A DataContext is therefore best suited for either a single-user application, per-session or per-request.


8 responses

  1. Avatar for steve

    "By default LINQ to SQL creates UPDATE statements that include every field as it was when read in the WHERE clause and not just the primary key as you might expect. The upshot is that if the record has changed since it was loaded it will not find it."

    An interesting approach to optimistic locking - most people use version number fields or some derivative. There's a problem with their approach to this - CLOB and BLOB columns and partitioning. You can't use this technique on tables with large object columns, and any vertical partitioning will make this approach very inefficient. The latter is perhaps less common but BLOBs certainly aren't.

    Maybe they just ignore BLOB columns and expect you to put an always-updated field in there (like a timestamp or version number) - although that kind of defeats the object since you might as well just use that one field in that case.

    One thing that often irritates me about MS frameworks is that they a) reinvent
    the wheel, b) always seem to be in beta, unfinished, or about to be replaced
    with a new interface-breaking version. If you want to make something stable you
    want something that's been around in the real world for a while and had the
    kinks ironed out already. LINQ looks nice in theory but I'm willing to bet it
    will have plenty of problems in the short term. I suspect their inability to stick to one framework / interface is to do with their background as a product company that constantly needs to push out something new and buzzwordy for people to buy. J2EE might have become less sexy these days, but at least it has solutions for things like this which have been used and proven over many years, without being end-of-lined all the time to make way for the next sexy acronym. Stablility isn't sexy, but I know which I prefer when it comes to writing production code.

    steve May 16, 2007
  2. Avatar for steve

    Sorry about the CRs, I have to write my comments in a separate text editor because the live comment preview slows to a crawl beyond a few lines :/

    steve May 16, 2007
  3. Avatar for Matt Warren

    LINQ to SQL does actual use version numbers. Each entity can either use a version number or some or all of its fields to do the optimistic concurrency check. If a version number exists in the database, LINQ to SQL will use only that field. Otherwise you can specify in the mapping which fields are used. The designer and SQLMetal both 'guess' at these for you. They will choose to not use CLOB and BLOB fields for optimistic concurrency.

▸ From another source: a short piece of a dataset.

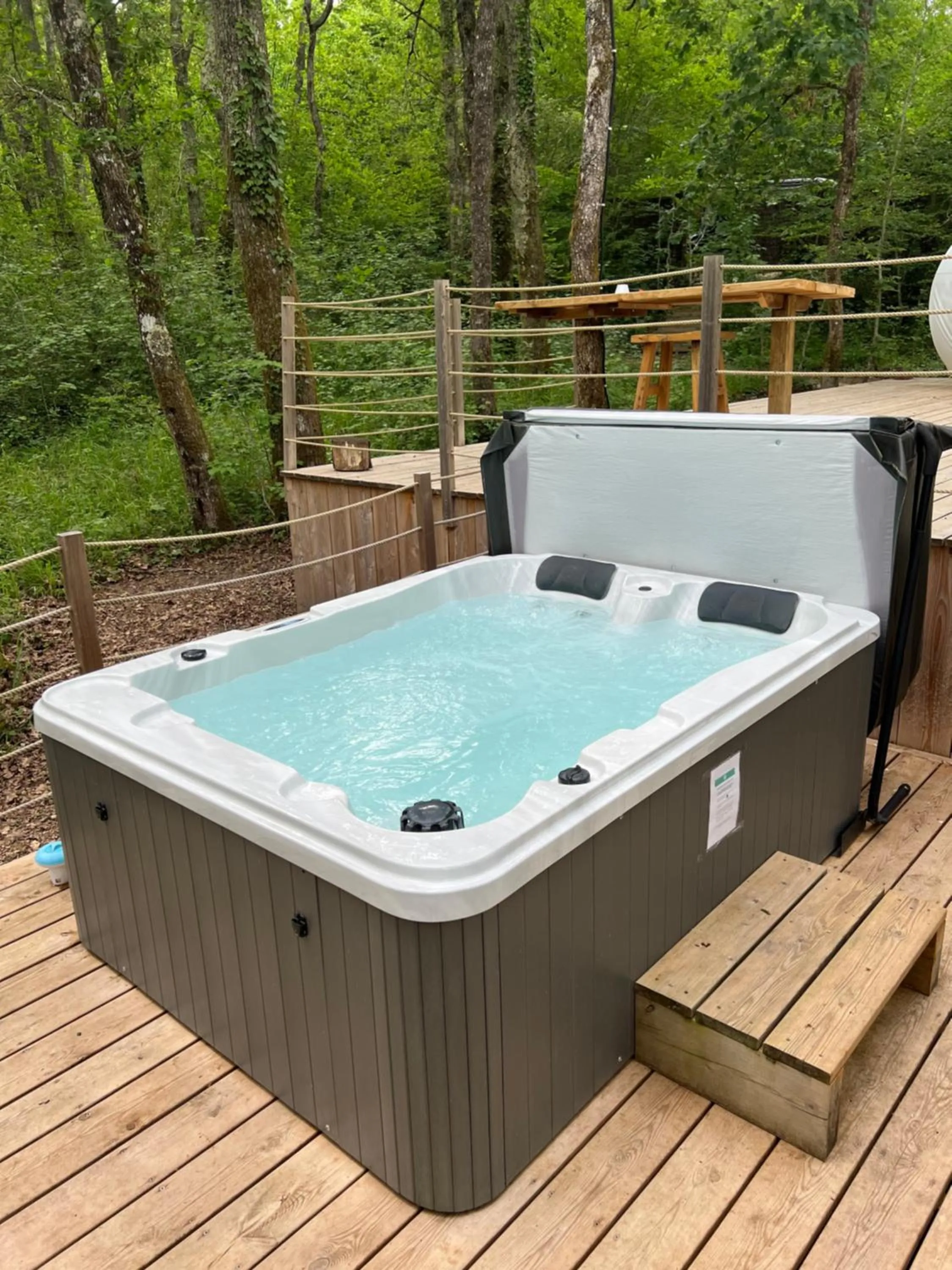 Hot Tub in Les Bulles De Bordeaux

    Matt Warren May 16, 2007
  4. Avatar for

    ? use type datasets right now as a dataaccess layer representing my business entities and DlinQ seems really sexy with the partial class approach.

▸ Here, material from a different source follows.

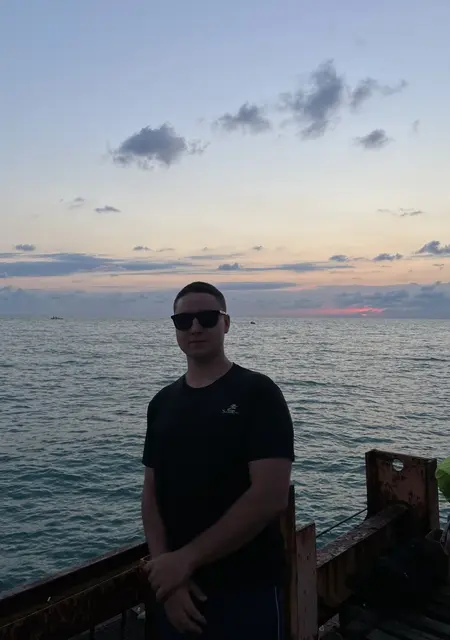 Евгений из Нижнего Новгорода, мне 21, познакомлюсь на одну ночь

    But the thing is what about the deployment problems it can cause?everything is getting coupled with the datacontext object, will that bring more problem than the solution in a transactionless(transaction free) web enviroment?

    [email protected] May 17, 2007
  5. Avatar for Damien Guard

    There are certainly some considerations to be made with the DataContext especially relating to how entities are cached and changes not saved back until the commit is processed.

    I'm afraid I don't have any more specific information right now - I hope Microsoft's PAG will produce a best-practices document on using LINQ to SQL in web environments.

    Damien Guard May 18, 2007
  6. Avatar for John Rusk

    Hi Damien,

    You mentioned queries returning objects that do not match the query. It's a shame that MS haven't taken advantage of LINQ to solve this (or at least, partially solve it). They should be able to run the criteria again in memory (after the SQL) to strip out the non-matching objects. I tried to describe this here (under the heading "option 4"), but unfortunately the post got a little too wordy! :-)

    John Rusk October 8, 2007
  7. Avatar for XXX

    Is many to may relationship possible in LINQ?

    XXX June 20, 2008
  8. Avatar for Kro

    "Is many to may relationship possible in LINQ?"

    You have to use an intermediary table.